How a Principal-Protected Note (PPN) Works
A PPN is a type of structured investment product that guarantees a return (full or partial) on the investment once it matures. When you invest in a structured product like this, it often means you don’t own the portfolio of assets. Instead, you are promised payment by the investment product issuers. To better understand how a PPN works, it can be helpful to have more context around how structured notes work in general. Structured notes don’t pay any interest until the bond matures. Structured notes with principal protection are a combination of two things:
A zero-coupon bond (the product that won’t pay interest before maturity) An option or derivative product that has a payoff linked to an index, benchmark, or some sort of underlying asset
There are four main components of structured notes, outlined below.
Maturity
Maturity refers to how long you hold a structured note. This time period may range from as little as six months to as long as 20 years. It is most common for a structured note to mature after two to five years.
Underlying Asset
The underlying asset is the benchmark that the PPN tracks while it is maturing. This is often a stock, commodity, foreign currency, index, or a group of stocks.
Protection Amount and Type
The protection amount is how much you are protected against if the price of the underlying asset goes down. If it doesn’t drop lower than the protection amount, then you’ll get your principal back without being exposed to any losses. There are two types of protection: hard protection and soft protection. Hard protections serve as a buffer against losses. If the price goes down, you’ll only experience losses below the protection amount. Soft protection acts as a barrier against losses. But if the losses go below that barrier, you’ll experience the full loss, not just the difference between the final price and barrier price.
Return or Payoff
This is the amount of money you’ll receive by the end of the term if the necessary market conditions are met.

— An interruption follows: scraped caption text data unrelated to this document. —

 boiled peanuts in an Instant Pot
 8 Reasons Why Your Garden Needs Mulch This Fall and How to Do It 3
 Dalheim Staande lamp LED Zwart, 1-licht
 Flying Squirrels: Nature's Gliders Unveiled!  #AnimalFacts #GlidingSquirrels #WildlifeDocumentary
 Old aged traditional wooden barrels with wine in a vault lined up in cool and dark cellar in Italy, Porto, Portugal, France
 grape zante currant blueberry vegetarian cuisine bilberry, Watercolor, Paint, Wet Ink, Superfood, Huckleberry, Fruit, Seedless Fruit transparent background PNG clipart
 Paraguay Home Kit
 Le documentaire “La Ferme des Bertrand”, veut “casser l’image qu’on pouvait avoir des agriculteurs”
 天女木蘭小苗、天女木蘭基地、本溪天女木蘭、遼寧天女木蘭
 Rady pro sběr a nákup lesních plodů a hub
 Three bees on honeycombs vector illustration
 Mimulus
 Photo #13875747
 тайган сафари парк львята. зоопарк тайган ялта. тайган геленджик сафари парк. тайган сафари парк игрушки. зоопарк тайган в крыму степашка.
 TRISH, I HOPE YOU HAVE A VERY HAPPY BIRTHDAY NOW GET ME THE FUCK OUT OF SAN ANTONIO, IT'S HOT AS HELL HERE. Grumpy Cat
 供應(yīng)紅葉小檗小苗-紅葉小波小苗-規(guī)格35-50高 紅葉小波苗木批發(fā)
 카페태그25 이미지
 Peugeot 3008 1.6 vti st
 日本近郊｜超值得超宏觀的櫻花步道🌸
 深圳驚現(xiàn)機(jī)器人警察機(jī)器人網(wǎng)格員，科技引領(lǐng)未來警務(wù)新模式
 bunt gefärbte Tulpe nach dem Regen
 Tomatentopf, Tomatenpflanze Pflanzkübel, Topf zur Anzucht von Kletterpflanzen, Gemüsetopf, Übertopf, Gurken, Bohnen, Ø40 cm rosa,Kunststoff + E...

Pros and Cons of a Principal Protected Note (PPN)
Pros Explained
Somewhat guaranteed: A PPN offers a full or partial return of principal at the date of its maturity, as long as the issuer of the PPN doesn’t go bankrupt.Growth opportunity: You as an investor can gain a level of upside participation through the PPN’s underlying asset.
Cons Explained
Complex terms: PPNs can come with more complex terms than traditional bonds. This can make evaluating the investment opportunity difficult.No FDIC insurance: PPNs aren’t FDIC insured.